Le papier journal semble être le grand perdant de 2020. Après 9 mois, les livraisons nord-américaines ont chuté de 26 % et le prix moyen s’est affaissé de 12 %. La chute des revenus publicitaires des médias écrits, causée par le ralentissement économique, a accéléré le déclin de ce segment. Ainsi, plusieurs arrêts de production ont eu lieu au Québec où se situent de nombreuses usines. Contrairement au papier d’impression, il est peu probable que les livraisons de papier journal rebondissent après la pandémie. Par conséquent, il faudra s’attendre à une rationalisation permanente de la capacité de production qui causera plusieurs soucis aux scieurs résineux du Québec qui chercheront par tous les moyens à écouler leurs copeaux.

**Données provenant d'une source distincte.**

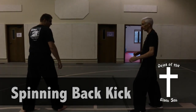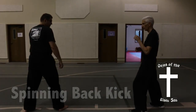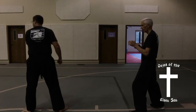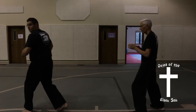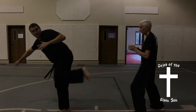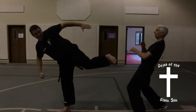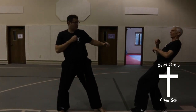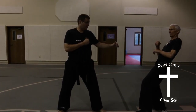Spinning back kick. In this kick, your back leg is your kicking leg. Usually you are in some form of side stance. You turn your torso looking all the way around behind you. Then bring your back leg up to your belt knot for a good chamber and then extend into a side kicking posture to complete the kick.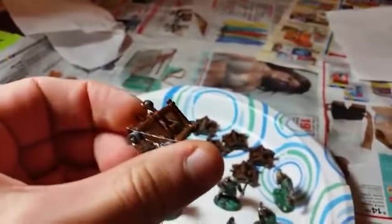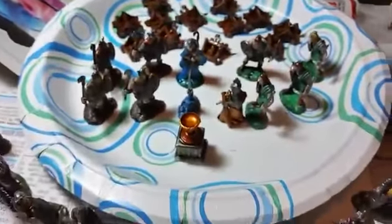And there are 12 catapults. It's real cool. Thanks, Matt.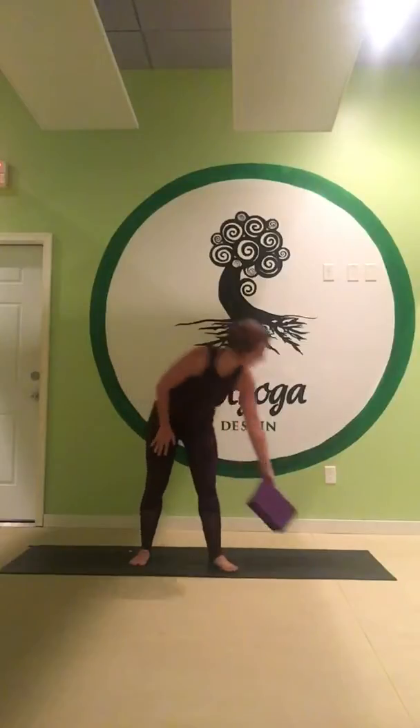Hi everybody, Jessica here with Destin Hot Yoga. Our pose of the week this week will be Ardha Chandrasana Half Moon. It's one of my favorite poses — it's very challenging, but yet light and playful.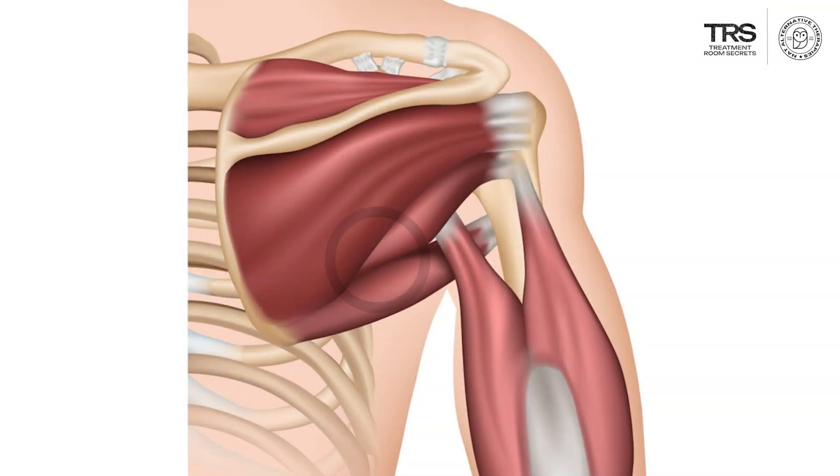Next, we'll look at the teres minor muscle. It is a very minor muscle, and you can see that it arises from the back of the scapula. It has a small area of attachment here,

L'impact pour les producteurs de bois

La COVID-19 a également eu son lot d’impact pour les producteurs forestiers du Québec. Premièrement, la crise sanitaire a causé un ralentissement dans la mise en marché ce printemps. Fort heureusement, cela a essentiellement coïncidé avec la période du dégel où les activités des producteurs forestiers tournent généralement au ralenti. Deuxièmement, l’évolution différente des marchés des produits forestiers a eu une incidence évidente sur la mise en marché du bois.

Les deux graphiques suivants illustrent la divergence qui a eu cours entre les livraisons de sapin et d’épinette principalement destinées au marché du bois d’œuvre, et les livraisons des autres essences. Ils indiquent le rythme des livraisons mensuelles désaisonnalisées et annualisées en forêt privée, c’est-à-dire qu’ils reflètent en tout temps le rythme annuel attendu de la mise en marché du bois de la forêt privée ajustée pour tenir compte des fluctuations saisonnières sur la récolte. À titre indicatif, la moyenne annuelle de 2020 s’échelonne de janvier à septembre. 

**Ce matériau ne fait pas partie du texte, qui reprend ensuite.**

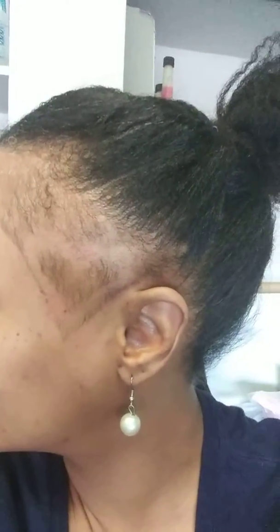Hey guys, welcome back to another video. I have not flat ironed my hair yet, and I will do that on another video. But look, I have a heart, and then I have this fade.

La demande pour le bois de sapin et d’épinette de la forêt privée fut importante au cours des 9 premiers mois de 2020. La mise en marché a évolué à un rythme similaire aux deux dernières années, en phase avec le marché du bois d’oeuvre. La demande résiliente pour le bois d’œuvre aura permis aux producteurs d’écouler leur bois de sciage de sapin-épinette, quoiqu’ils n’ont pas bénéficié d’une hausse équivalente en termes de prix que ce que les scieurs ont vécu en 2020.

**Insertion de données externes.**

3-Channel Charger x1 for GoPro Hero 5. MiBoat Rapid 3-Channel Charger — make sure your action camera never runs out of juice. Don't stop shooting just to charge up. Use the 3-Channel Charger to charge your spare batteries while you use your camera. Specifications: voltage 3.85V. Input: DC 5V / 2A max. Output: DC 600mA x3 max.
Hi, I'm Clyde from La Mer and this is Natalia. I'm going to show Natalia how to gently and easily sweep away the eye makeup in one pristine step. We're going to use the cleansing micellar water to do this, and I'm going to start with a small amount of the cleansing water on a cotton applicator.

Les livraisons des autres essences, surtout des feuillus, accusent un retard de plus de 10 % par rapport à 2019. La fermeture de l’usine de Fortress a eu des répercussions désastreuses pour les activités de récolte des producteurs forestiers de l’ouest du Québec. Qui plus est, d’importantes quantités de bois de feuillus de trituration des forêts publiques de l’Outaouais et des Laurentides ont été détournées ailleurs au Québec, au détriment des producteurs forestiers des régions voisines.

Les perspectives pour le bois de sciage résineux demeurent favorables, alors que le secteur de la construction apparaît vigoureux. La faiblesse généralisée des marchés papetiers occasionne un ralentissement de la livraison des autres essences. Or, la perte de débouchés pour ces autres produits nuit éventuellement à la mobilisation de l’ensemble du bois. Il faudra rapidement trouver des solutions pour relancer d’importantes usines consommatrices de feuillus de trituration afin de permettre aux producteurs de tirer pleinement profit de leurs forêts. Après tout, 54 % de la possibilité forestière de la forêt privée est composée d’essences feuillues. 

Nul doute, les producteurs forestiers sont impatients d’assister à la réouverture d’une usine pouvant consommer les importants volumes de feuillus disponibles en forêt privée, comme Fortress en Outaouais ou Norbord (West Fraser) au Saguenay-Lac-Saint-Jean. Les premiers bénéficiaires seraient certainement les propriétaires forestiers de ces régions, mais aussi ceux des régions limitrophes en raison de l’effet indirect du resserrement du marché du bois à pâte feuillu au Québec.